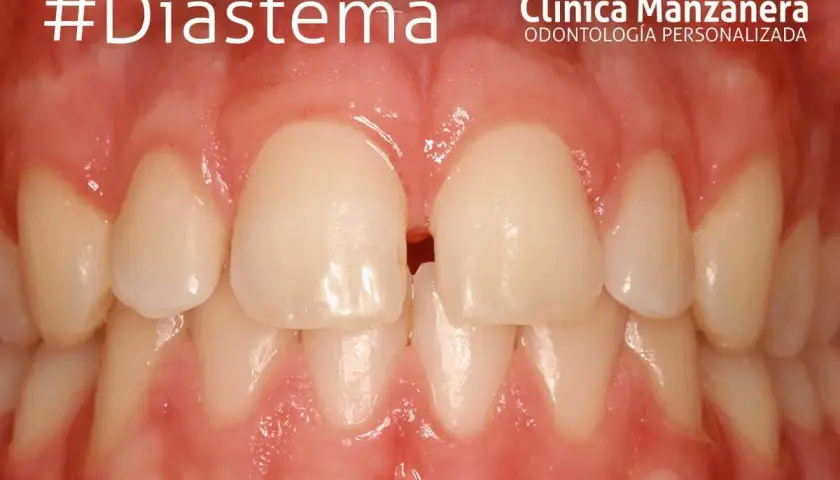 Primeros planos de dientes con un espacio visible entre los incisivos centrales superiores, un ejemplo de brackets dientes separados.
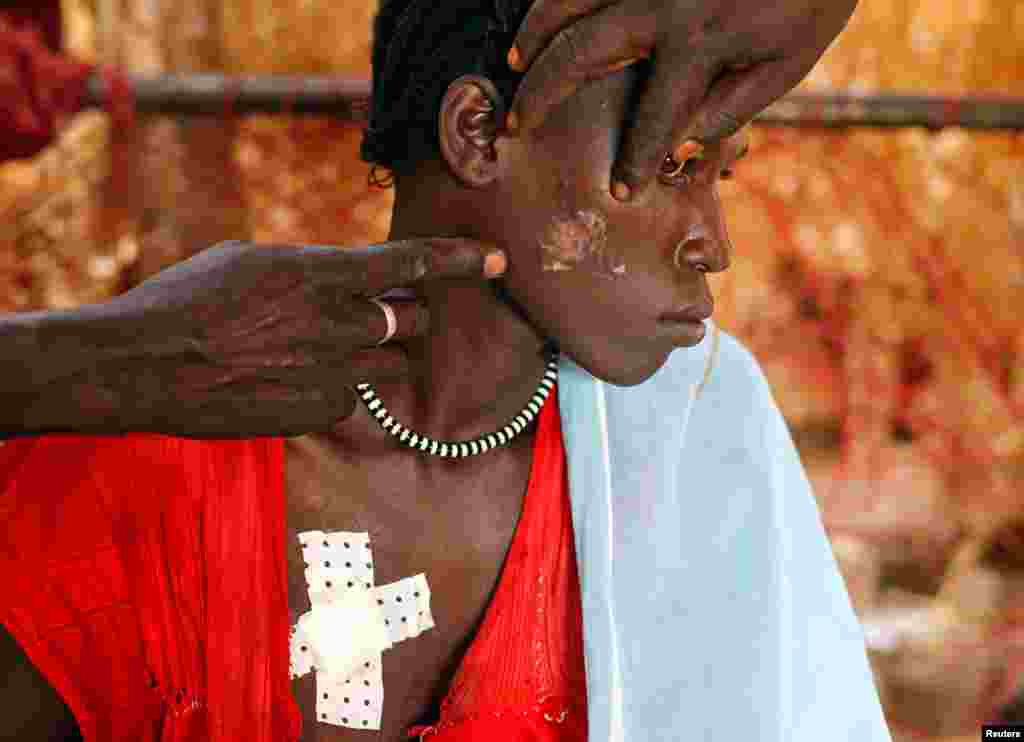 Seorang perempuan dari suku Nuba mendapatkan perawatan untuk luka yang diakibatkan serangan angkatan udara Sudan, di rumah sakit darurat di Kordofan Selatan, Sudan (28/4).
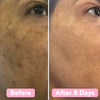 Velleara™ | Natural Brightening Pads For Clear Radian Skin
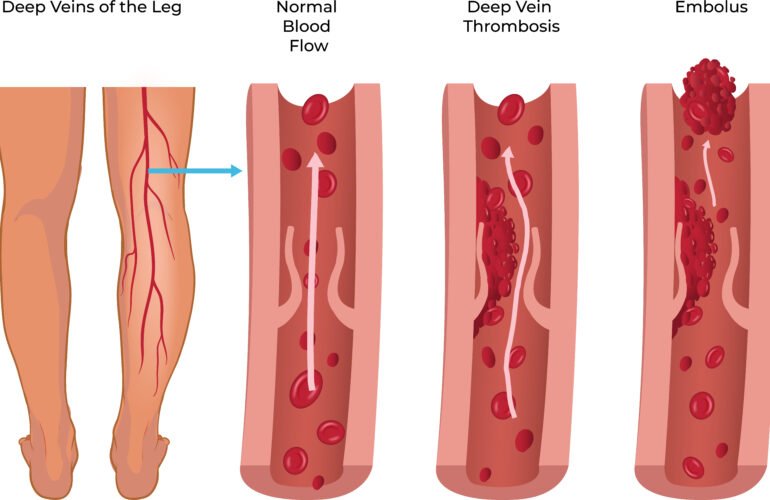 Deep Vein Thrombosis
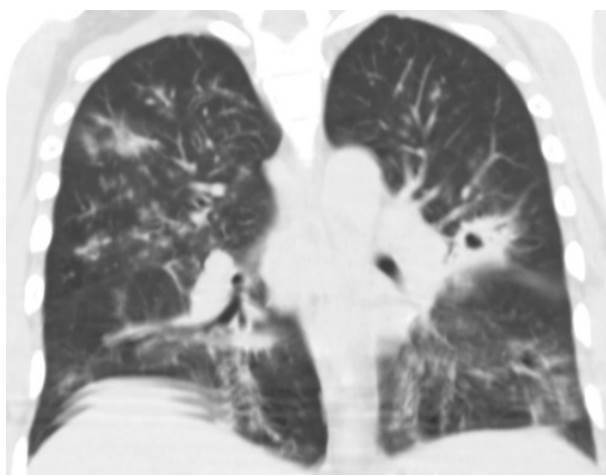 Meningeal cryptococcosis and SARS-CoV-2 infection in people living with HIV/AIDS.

- - -

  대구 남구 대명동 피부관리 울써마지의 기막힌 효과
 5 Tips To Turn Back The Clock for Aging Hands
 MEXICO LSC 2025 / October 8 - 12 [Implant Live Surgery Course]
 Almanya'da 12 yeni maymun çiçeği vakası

- - -

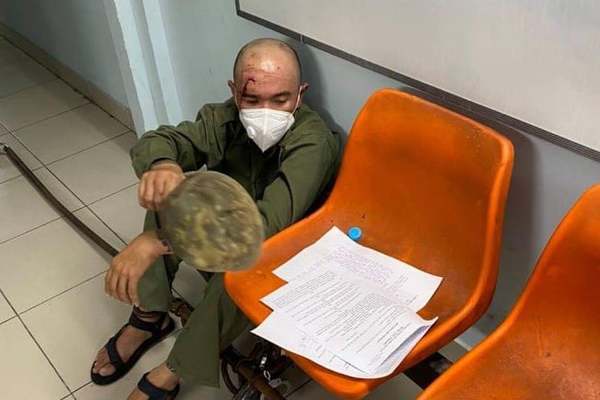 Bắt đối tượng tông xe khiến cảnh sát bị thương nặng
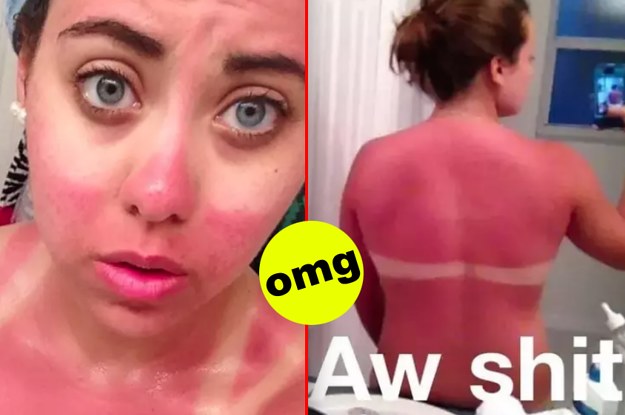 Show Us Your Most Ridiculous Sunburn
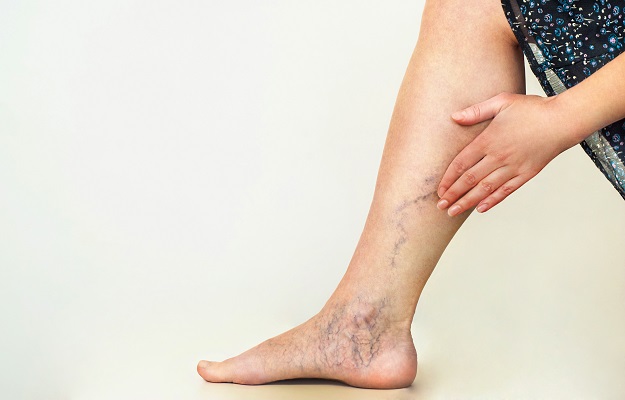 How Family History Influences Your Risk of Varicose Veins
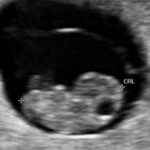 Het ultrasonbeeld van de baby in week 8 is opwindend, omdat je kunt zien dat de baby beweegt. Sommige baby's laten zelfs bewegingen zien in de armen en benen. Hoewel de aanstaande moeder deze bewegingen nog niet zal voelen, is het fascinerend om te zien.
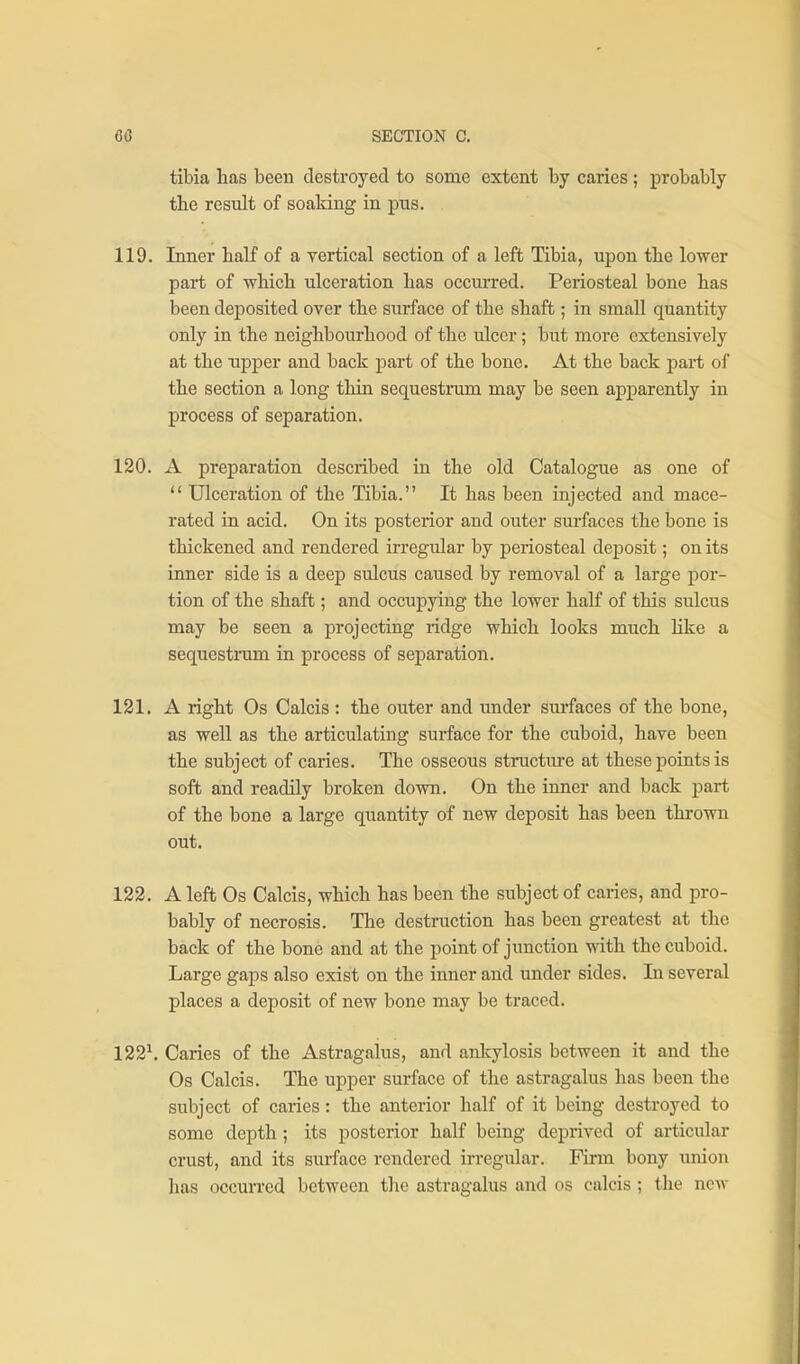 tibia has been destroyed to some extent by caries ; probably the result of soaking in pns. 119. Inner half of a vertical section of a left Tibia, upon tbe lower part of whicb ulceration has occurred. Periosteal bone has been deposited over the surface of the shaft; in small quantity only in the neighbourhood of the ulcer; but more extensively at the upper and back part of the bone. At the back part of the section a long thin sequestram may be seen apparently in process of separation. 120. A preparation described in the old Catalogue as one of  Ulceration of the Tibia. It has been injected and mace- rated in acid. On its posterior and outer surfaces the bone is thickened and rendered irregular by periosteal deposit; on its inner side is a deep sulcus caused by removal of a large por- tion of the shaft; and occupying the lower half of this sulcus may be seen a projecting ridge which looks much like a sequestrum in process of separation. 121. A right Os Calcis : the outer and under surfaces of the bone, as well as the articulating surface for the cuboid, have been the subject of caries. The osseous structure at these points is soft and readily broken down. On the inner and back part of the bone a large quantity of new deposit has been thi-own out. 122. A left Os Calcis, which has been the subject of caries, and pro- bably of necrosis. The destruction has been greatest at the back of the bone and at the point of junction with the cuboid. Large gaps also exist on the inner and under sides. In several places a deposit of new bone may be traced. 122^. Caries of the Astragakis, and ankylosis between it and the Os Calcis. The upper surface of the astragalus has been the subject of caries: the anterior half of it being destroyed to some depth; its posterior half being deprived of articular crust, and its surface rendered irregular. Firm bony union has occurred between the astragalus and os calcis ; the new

- - -

Task requirements
Your answer should be the exact lines above from the one with "5 Tips To Turn" through the one with "Almanya'da 12 yeni maymun çiçeği vakası", both included, and nothing besides.

Result of the task
 5 Tips To Turn Back The Clock for Aging Hands
 MEXICO LSC 2025 / October 8 - 12 [Implant Live Surgery Course]
 Almanya'da 12 yeni maymun çiçeği vakası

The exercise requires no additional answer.